Problem is, there's only two parties involved here: 1) lawmakers that don't understand it enough to regulate it and 2) the game publishers profiting hugely from it. I don't see a path to a good, permanent solution for everyone.
It's good they're cracking down on loot crates because it turns the above problem into gambling. It needs to be labeled as such. But to get at the heart of the problem.......not going to happen any time soon.
your failing to understand the value of intellectual property and the value of a service. Something doesn't need to have a physical value to have value.
Paintings, cards, bitcoin, historical items, and so on all have a value put on to them via market demand. Why has no one made a second steam and replicated it. They have....Why does it not have the same value you? market barriers, market share, demand, and more are several but not all inclusive reasons for such a thing.

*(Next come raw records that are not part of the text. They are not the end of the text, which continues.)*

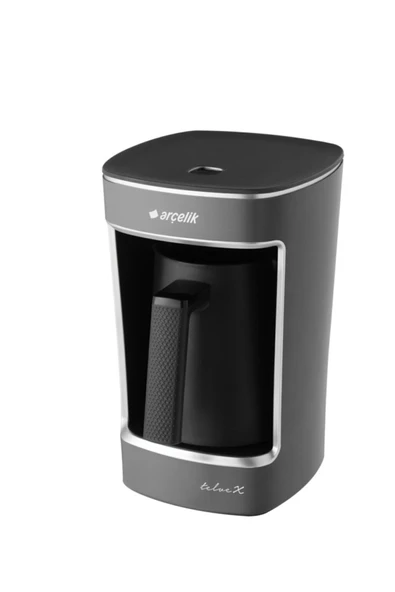 Arçelik Tkm 3341 Telve-x Antrasit Türk Kahve Makinesi - 2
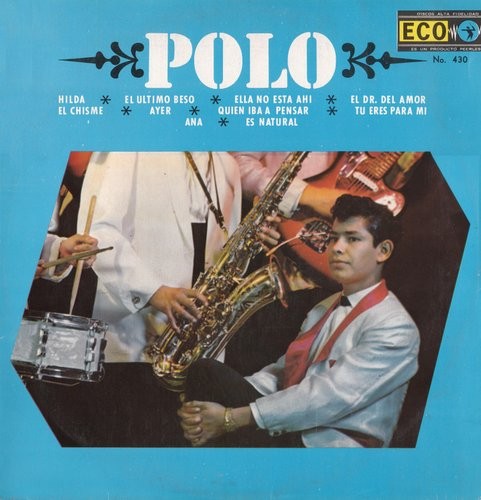 Polo cover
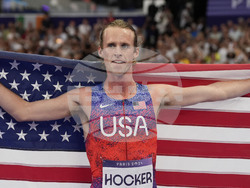 Paris Olympics Athletics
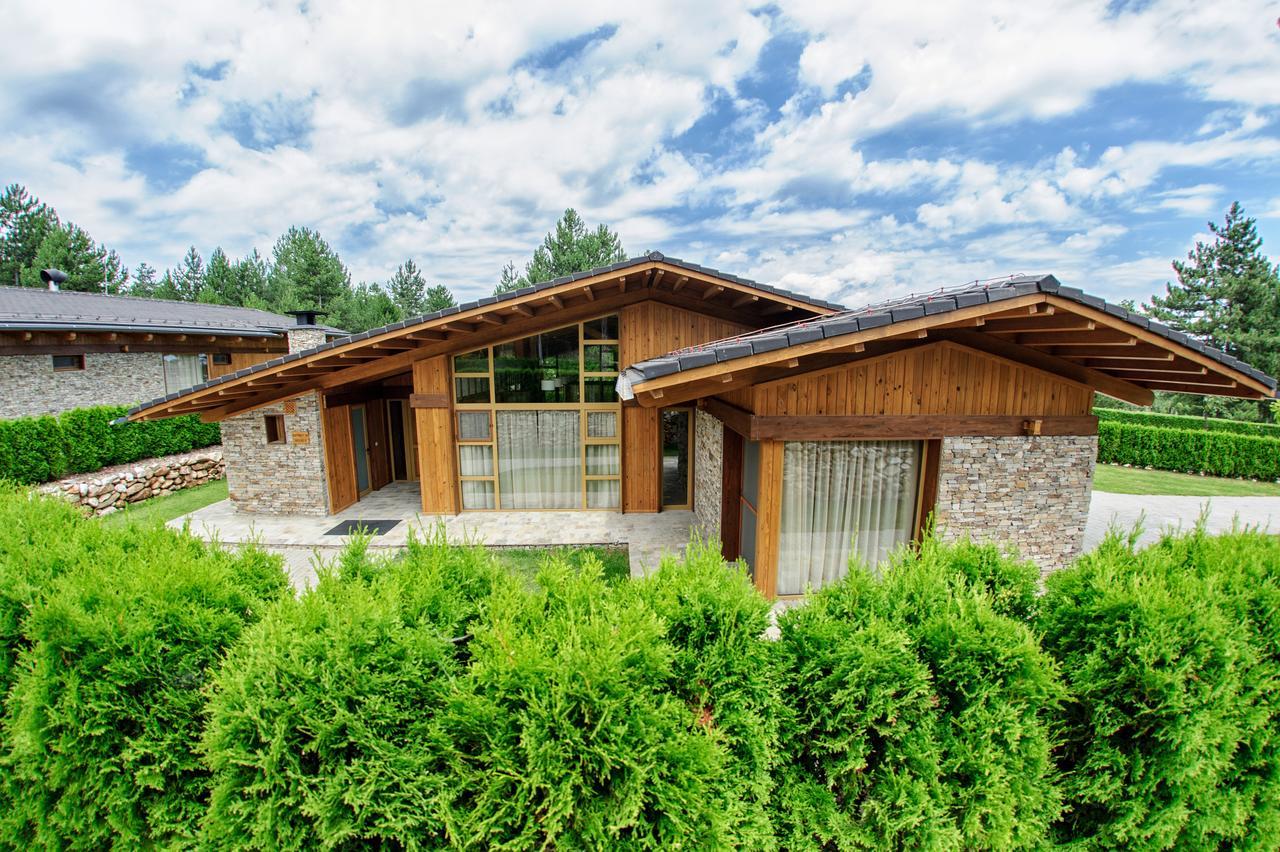 Golf Villa Malina Bansko Bagian luar foto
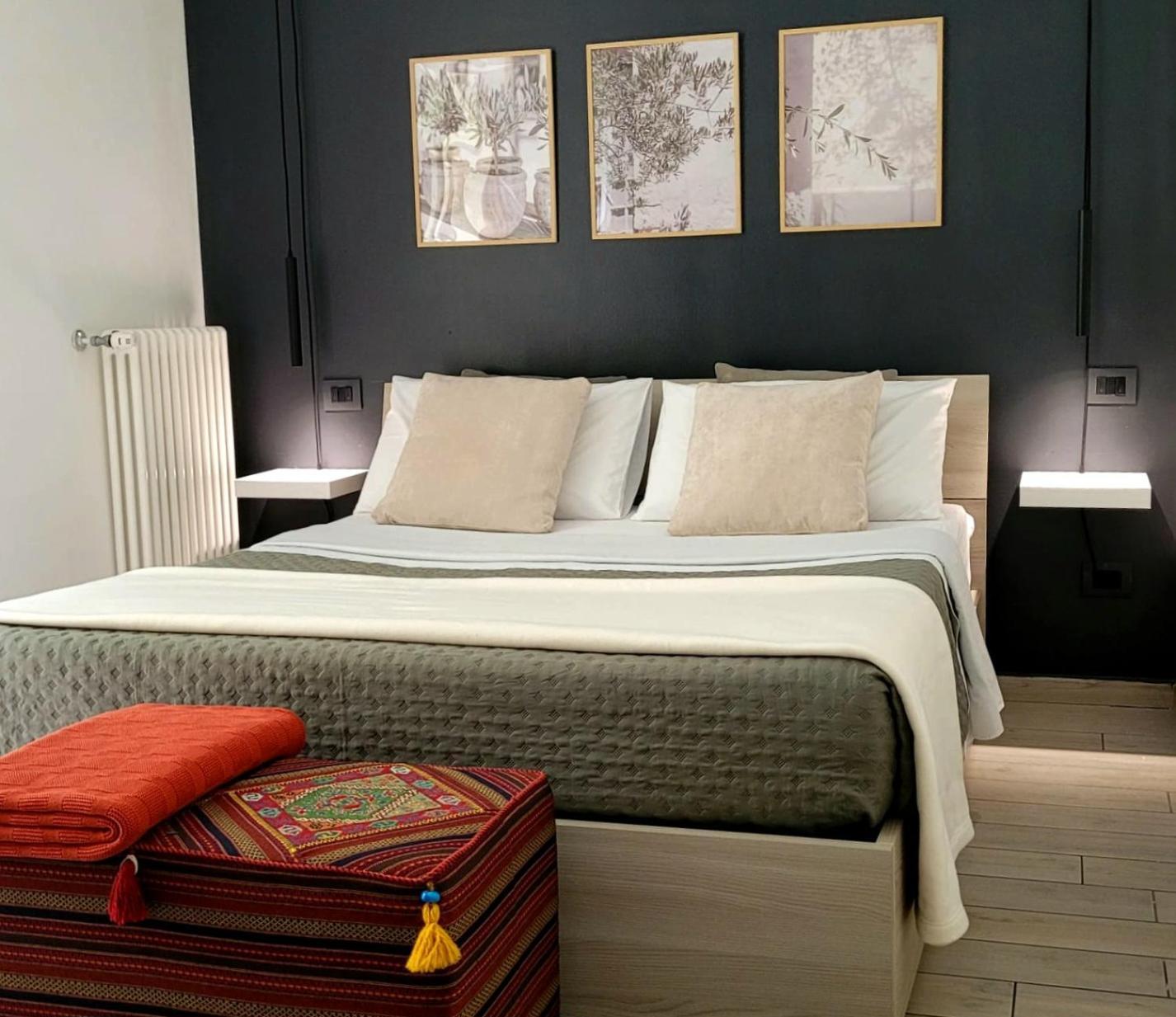 Vista Dolce Isola _ Lakeview Pool, Terrace & Garden Apartment อาร์เจโญ ภายนอก รูปภาพ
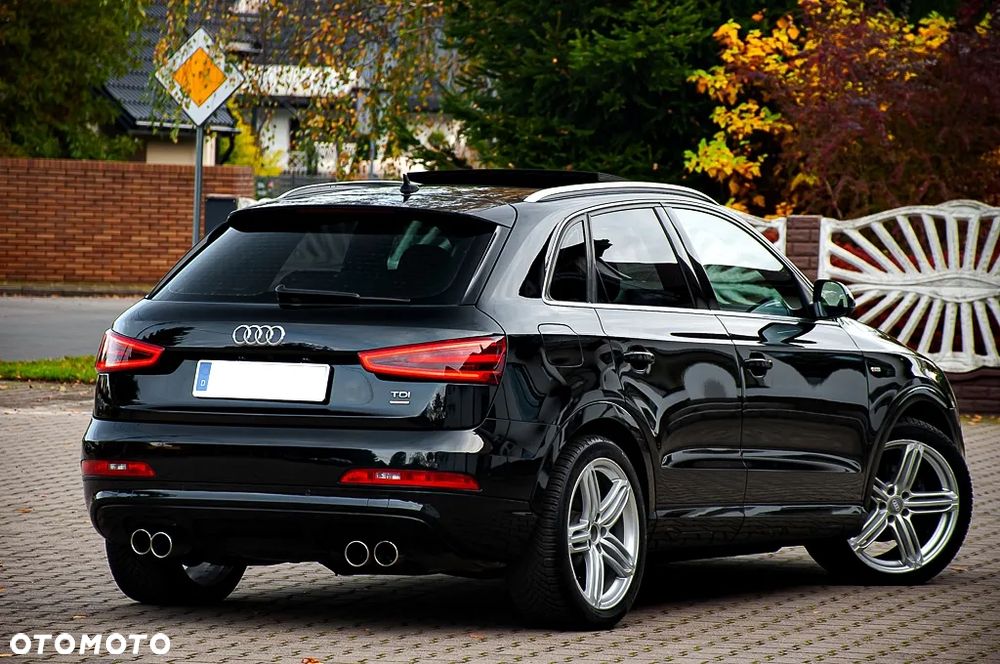 Audi Q3 2.0 TDI Quattro S tronic - 9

Actually no. DLC is a fantastic thing if done right. DLC if used like expansion packs of old (Simcity 4 Rush Hour, C&C Generals Zero Hour, GTA IV EFLC, etc...) is fantastic and a nice way to make a game great and to enlarge the current universe of a game...
Saints Row are games that due DLC right. You have a solid game without DLC and you can add more content for a fairly low price too. If you wait for sales like cheap/poor people. You can get all DLC and base game for 5-10 bucks after everyone elses buys.
This is what you call price skimming and i have been harping about how game industry needs to realize that price skimming is their friend! In the last 5-7 years price skimming has because a common practice and gets companies much much more money especially from people like me.
I bought like 10 games over 15 years because old games...HL was still going for what 35 bucks 5-8 years after release? Granted it was the only gmae that could pull that off but its why i never bought many games and spent maybe 500 dollars over 15 years of gaming.
now in the world of steam. I pay hardly nothing for games for 2 reasons:
1.) DRM (GOG excluded)
2.) price skimming
first reason is why i'll never pay full price for a game with a select few exceptions (like 2 games)
2nd reason is why I have a 1200 game steam account with games in origin and GOG.
I have spent like 2 or 3 grand over the years but they would have never gotten me to spend that much if it wasn't for price skimming. For 50 bucks...sure..I'll buy 20 Star Wars games from my childhood that you would never get me to pay more than 5 dollars for but 1 or 2 of my must haves. But since they used bulk selling and price skimming they got 50 dollars from me when before at best they would get 0-10 dollars.